REQUIREMENT: Please reproduce all entries word for word, leaving every image behind.

RECORD EXCERPTS:
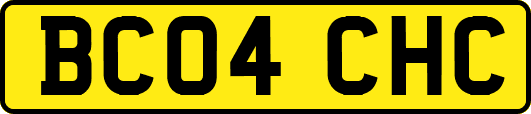 BC04CHC
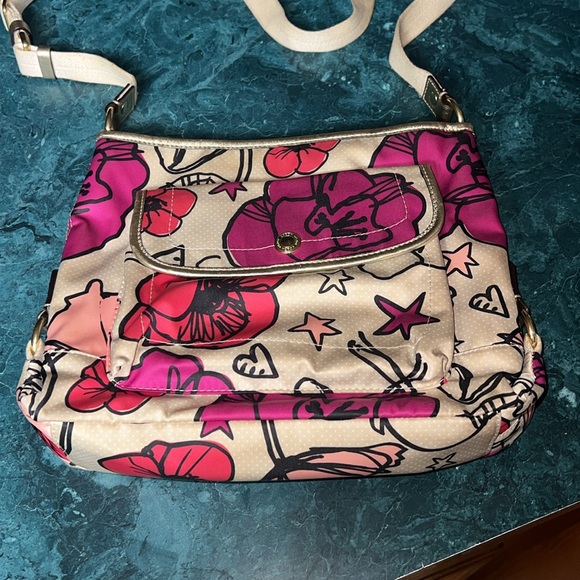 Coach purse - Picture 2 of 5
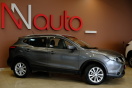 Nissan Rogue Sport
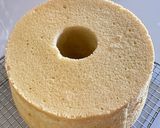 Foto langkah ke 7 dari resep Taiwan Cheese Chiffon.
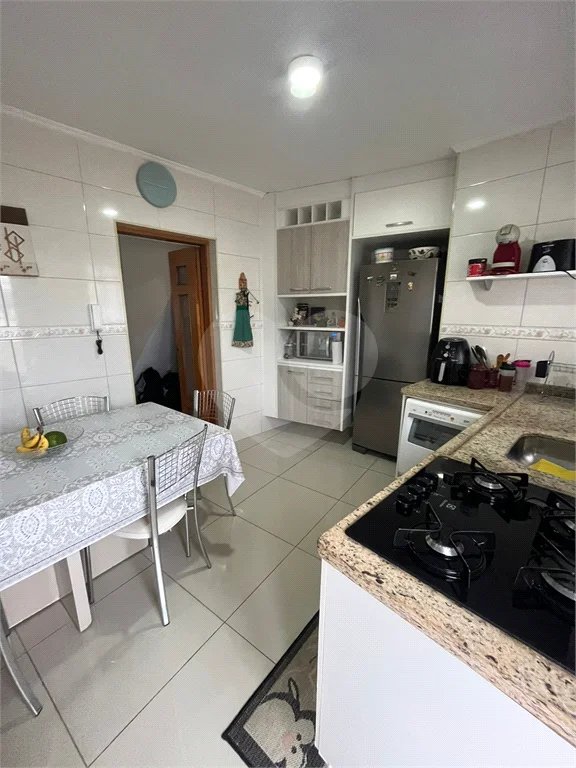 Casa à venda com 4 quartos em Santana, São Paulo, SP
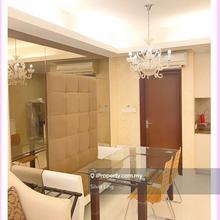 Freehold,Fully Furnished,Luxury ID Chelsea@Plaza Damas 3 for Sale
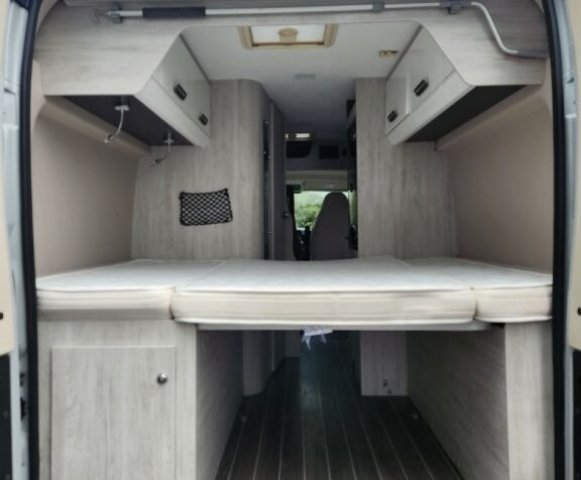 CI Kyros 2 - Photo 21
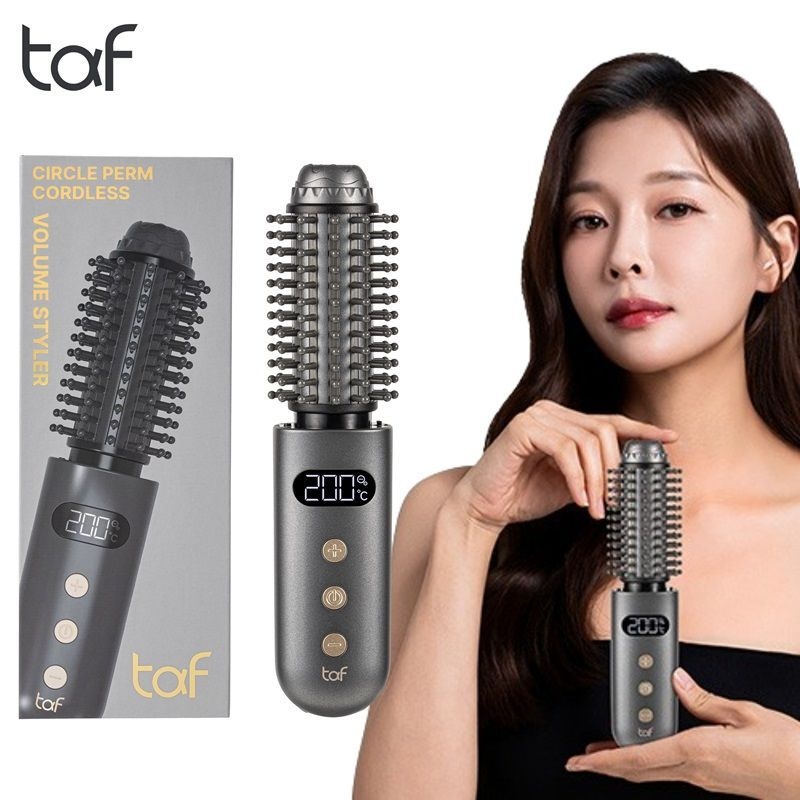 뉴타프 무선 고데기[36069329]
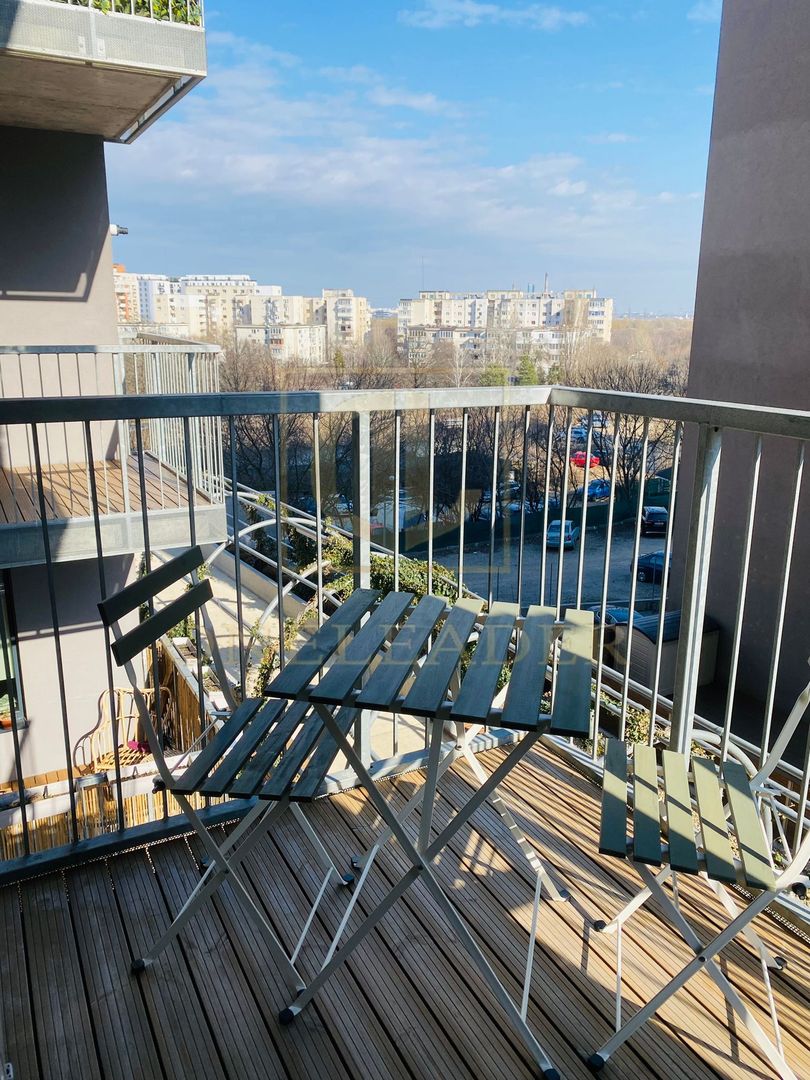 Apartament 2 Camere | Parcul Tineretului – Orășelul Copiilor - Poză 7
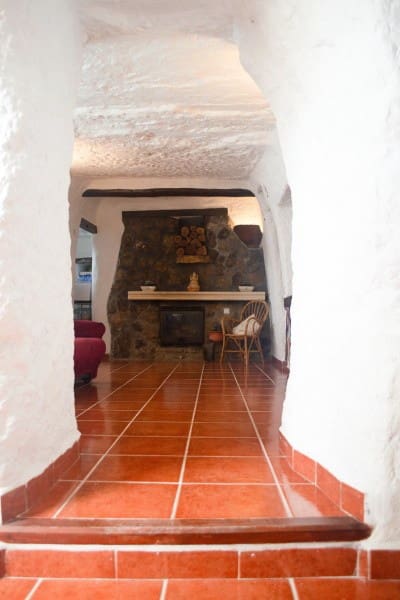 3 slaapkamer Grotwoning te koop in Galera - € 89.999 (Ref: 9144212)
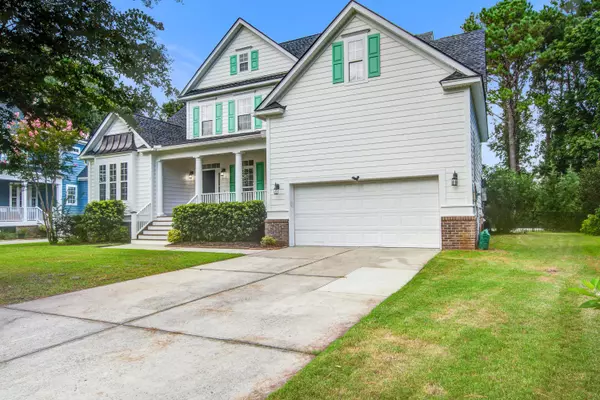 Mount Pleasant, SC 29466,3509 Flowering Oak Way Way
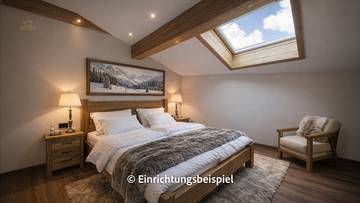 Thumbnail von Dachgeschosswohnung in zentrumsnaher Lage
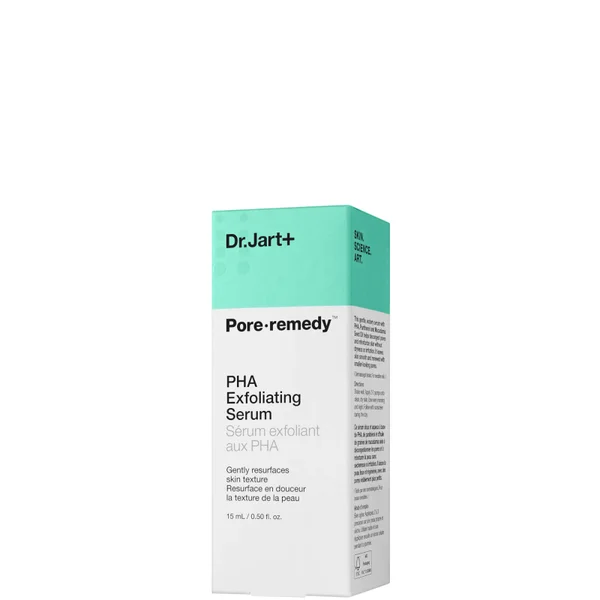 Dr.Jart+ Pore Remedy PHA Exfoliating Serum 15ml 4 Dr.Jart+ Pore Remedy PHA Exfoliating Serum 15ml - Image 2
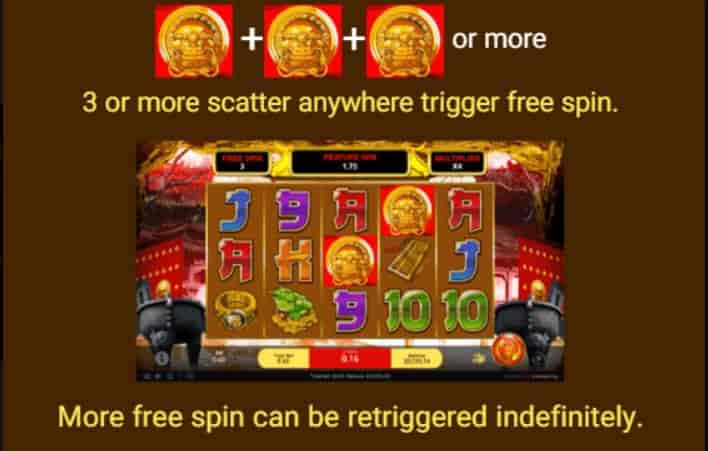 5 Fortune SA Screenshot 3
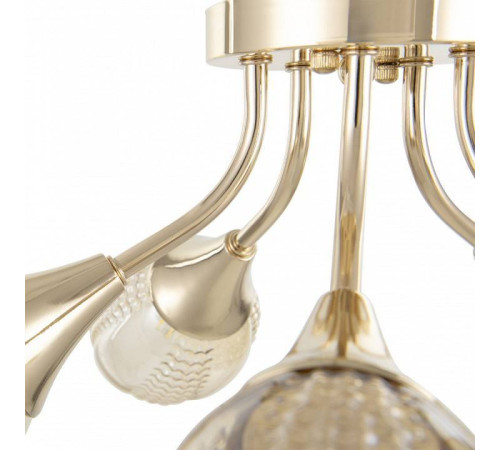 Потолочная люстра Arte Milano Napoli-8776 337966/5 FGD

WRITTEN REPLY:
 BC04CHC
 Coach purse - Picture 2 of 5
 Nissan Rogue Sport
 Foto langkah ke 7 dari resep Taiwan Cheese Chiffon.
 Casa à venda com 4 quartos em Santana, São Paulo, SP
 Freehold,Fully Furnished,Luxury ID Chelsea@Plaza Damas 3 for Sale
 CI Kyros 2 - Photo 21
 뉴타프 무선 고데기[36069329]
 Apartament 2 Camere | Parcul Tineretului – Orășelul Copiilor - Poză 7
 3 slaapkamer Grotwoning te koop in Galera - € 89.999 (Ref: 9144212)
 Mount Pleasant, SC 29466,3509 Flowering Oak Way Way
 Thumbnail von Dachgeschosswohnung in zentrumsnaher Lage
 Dr.Jart+ Pore Remedy PHA Exfoliating Serum 15ml 4 Dr.Jart+ Pore Remedy PHA Exfoliating Serum 15ml - Image 2
 5 Fortune SA Screenshot 3
 Потолочная люстра Arte Milano Napoli-8776 337966/5 FGD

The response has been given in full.